Amazon is reportedly scouting London locations for an automated supermarket without checkouts that would be staffed by just three humans.

Robots on the top floor of the two-storey store will grab shopping from shelves and bring it down to customers who will be waiting in their cars below.

Shoppers’ Amazon account will then be billed automatically.

Using robots in the upper floors means that Amazon could pack for more items into a small space than conventional supermarkets.

Each store could pack in 15,000-20,000 items at a time.

The Amazon Go idea was unveiled in a video released by the online retail giant in December. Now, according to The Times, nearly a dozen potential locations have been identified.

A revolutionary grocery store is currently being trialled for employees in Seattle, where sensors record when a customer lifts an item from a shelf to bill them automatically.

The convenience store mooted for London could reach anywhere between 10,000 and 40,000 square feet, and sell over different 4,000 products such as eggs, meats, cheese, fresh fruit and vegetables, and 'grab-it-and-go' products like beer and wine.

Amazon Go

Amazon has also started using drones for deliveries instead of humans, and filed patents for an unmanned blimp that could be used as a floating warehouse.

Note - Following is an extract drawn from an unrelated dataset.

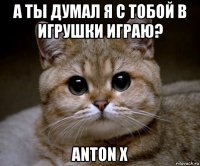 а ты думал я с тобой в игрушки играю? anton x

With such a small number of staff needed to run each store operating profit costs of Amazon's supermarkets could be above 20 per cent.

Despite the rumours, Amazon officials denied the company was planning a robot-driven supermarket chain.

“As we’ve said previously, it’s not correct,” a spokesman told The New York Post.

“We have no plans to build such a store.”

The US firm trademarked the Amazon Go name in the UK last year and has made steps into the grocery market with its online Amazon Fresh delivery service.